Production ML Infrastructure Patterns

FastAPI, Docker, model serving, and monitoring patterns that actually scale.

Most ML infrastructure advice assumes you are Google or have Google-scale problems. You do not. You have a model that needs to serve predictions reliably, a budget that matters, and a team that cannot afford to maintain Kubernetes clusters and custom orchestration layers.

This is about the infrastructure patterns that work for the rest of us. The patterns that let you go from trained model to production endpoint in days, not months. The patterns that scale to thousands of requests per second before you need to think about distributed systems.
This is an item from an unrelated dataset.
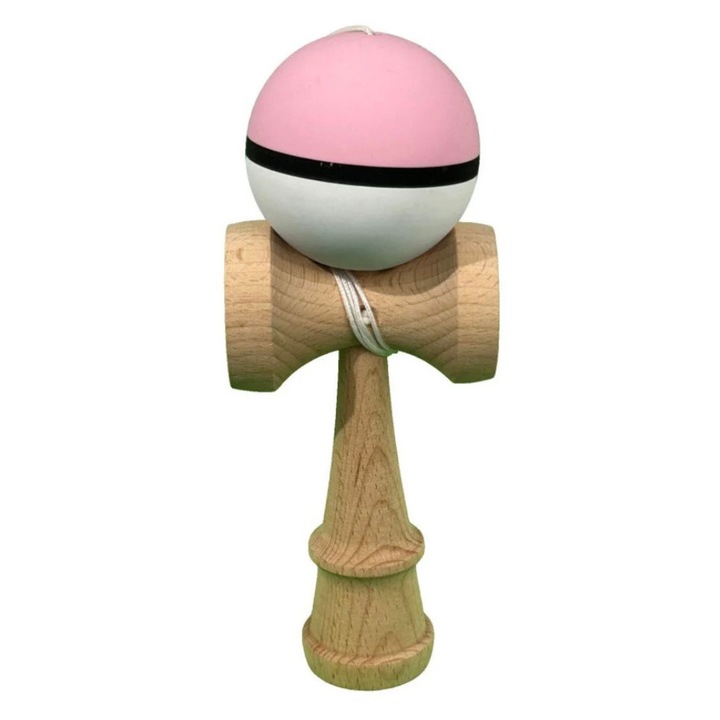 Kendama, 18 cm, multicolor roz-negru-alb, set de jucării din lemn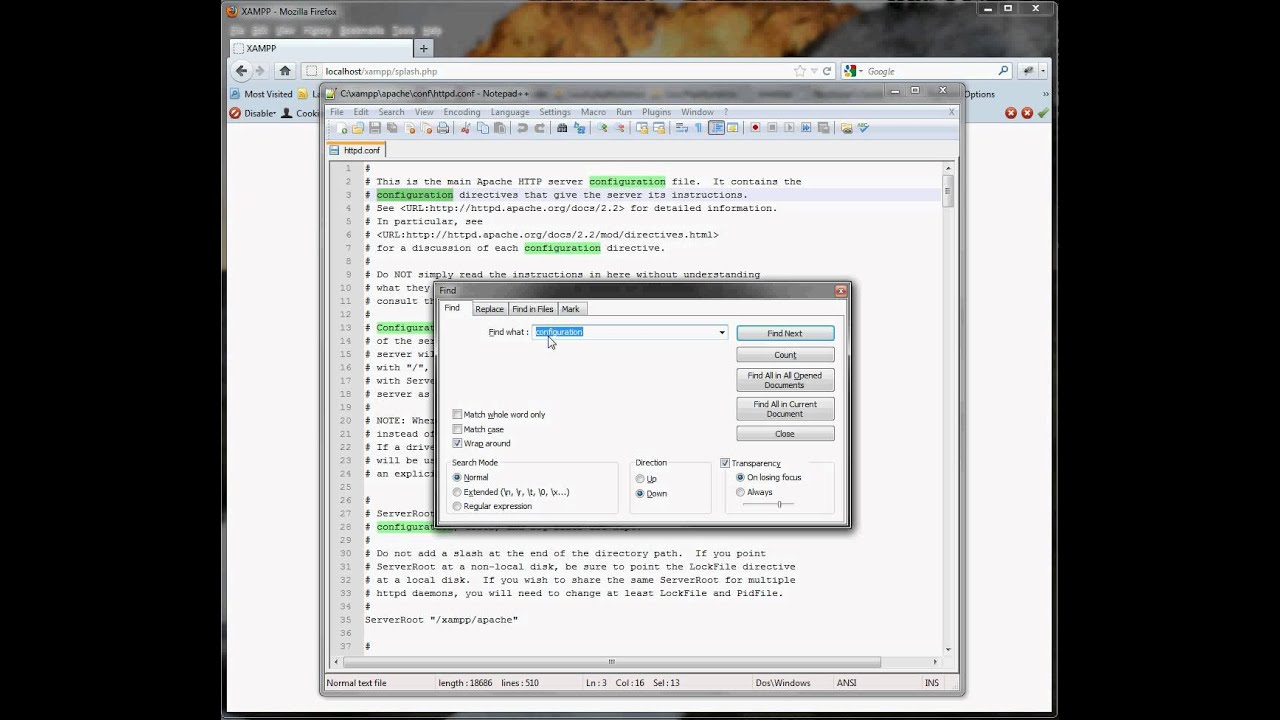 Installing the Xampp Package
I have built ML systems for compliance screening, enterprise knowledge management, and industrial inspection. The infrastructure is never the interesting part, but it is always the part that determines whether the model actually delivers value. Here is what works.

Why FastAPI Won

Flask was the default for ML serving for years. Then FastAPI arrived and within two years became the obvious choice. Not because it is faster, though it is. Not because it has automatic OpenAPI documentation, though that matters. FastAPI won because it makes the correct choice the easy choice. Type hints are enforced at runtime via Pydantic. Request validation happens automatically. You cannot accidentally return the wrong schema without noticing immediately. This eliminates an entire class of bugs.

Consider a basic prediction endpoint. With Flask you write validation logic by hand, parse JSON manually, handle errors yourself, and hope your documentation stays synchronized with your code. With FastAPI you define a Pydantic model and the framework does the rest.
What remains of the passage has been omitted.